The head of Chile’s military police announced the suspension of pellet use as an anti-riot tool, except in cases of legitimate defense when a situation represents a death threat.
Mario Rozas said Tuesday the measure will be in place while the pellets are subjected to tests requested from laboratories, Venezuela-based TeleSur reported.
“The restriction will be evaluated when we have in our possession the results of the studies,” Rozas sais.
The decision was made by military police after a study by the Chile University that states pellets are made of 20% rubber and 80% different elements, such as lead.
At least 270 Chileans have suffered an eye injury as a result of the usage of pellets during anti-government protests.

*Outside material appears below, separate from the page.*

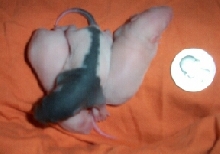 baby rats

The protests, which began in response to a now-suspended 4% transport fare hike, turned violent Oct. 19.
At least 23 people have since been killed in the protests.
According to the National Institute of Human Rights (NHRI), over the last month, more than 6,000 people have been arrested and 2,400 injured
President Sebastian Pinera accepted demands earlier this month to change the Constitution to replace the one dating to the Augusto Pinochet dictatorship, a demand of protesters who have taken to the streets in recent weeks.
Pinera also announced concessions, including rolling back the fare rise, a rise to the minimum wage and placed a hold on electricity prices until next year in a bid to contain the strife.